Teamkollege Bruno Saby gelang aus aussichtsloser Startposition ebenfalls eine starke Leistung. So musste der Franzose, der mit Copilot Michel Périn am Vortag durch ein Leck in der Kraftstoffzufuhr, den erforderlichen Abschleppvorgang ins Biwak und eine Zeitstrafe 5:35 Stunden verloren hat, eine schier endlose Fahrzeug-Kolonne überholen. Als Letzter hinter allen Race-Trucks gestartet, stürmte der Ex-Dakar-Sieger an rund 40 Konkurrenten vorbei und erreichte das Tagesziel nach 420 Kilometern an der sechsten Position.

Kris Nissen (Volkswagen Motorsport-Direktor)

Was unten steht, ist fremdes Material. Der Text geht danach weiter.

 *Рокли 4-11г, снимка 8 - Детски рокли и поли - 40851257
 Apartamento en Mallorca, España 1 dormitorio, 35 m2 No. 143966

"Jutta und Bruno haben heute ebenso wie ihre Beifahrer bemerkenswerte Leistungen vollbracht. Beide Race-Touareg funktionierten perfekt - ein verdienter Lohn für die harte Arbeit des Teams am Vortag. Die Tagesergebnisse bestätigen die Entwicklungsrichtung und sind ermutigend für die Mannschaft, die bei diesem Testeinsatz viel lernt." Jutta Kleinschmidt (#209) "Obwohl ich die ersten 120 Kilometer im Staub eines Vordermanns fuhr, gelang uns die viertbeste Zeit. Bobby Willis hat mich sehr gut navigiert. Der Race-Touareg und die verbesserte Fahrwerksabstimmung funktionierten auf dieser Hochgeschwindigkeitsetappe mit durchschnittlich Tempo 100 perfekt." Bruno Saby (#210) "Bei Außentemperaturen von rund 40 Grad Celsius und einer Aufholjagd im Staub war höchste Konzentration gefragt. Das Auto verhielt sich auf den rauen und schnellen Strecken wirklich sehr gut. Mein neuer Beifahrer Michel Périn arbeitet einfach super."

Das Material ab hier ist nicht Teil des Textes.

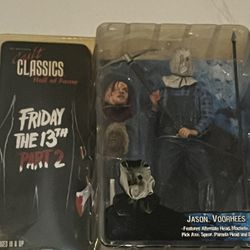 Jason Voorhees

Stand nach Etappe 2, Assa (MA) - Smara (MA); 420/453 km WP/Gesamt

Pos.TeamFahrzeugWP 2Gesamtzeit
1.Stéphane Peterhansel/Jean-P. Cottret (F/F)Mitsubishi Pajero4:15.50 Std. (3.)7:39.18 Std.
2. Jean-L. Schlesser/François Borsotto (F/F) Schlesser-Ford 4:07.10 Std. (1.) + 5.45 Min.
3. Kenjiro Shinozuka/Jean-Marie Lurquin (J/B) Nissan Pick-up 4:12.39 Std. (2.) + 6.03 Min.
6.Jutta Kleinschmidt/Bobby Willis (D/GB)Volkswagen Race-Touareg4:16.32 Std. (4.)+ 35.00 Min.
Bruno Saby/Michel Périn (F/F)Volkswagen Race-Touareg4:25.33 Std. (6.)+ 5:46.15 Std.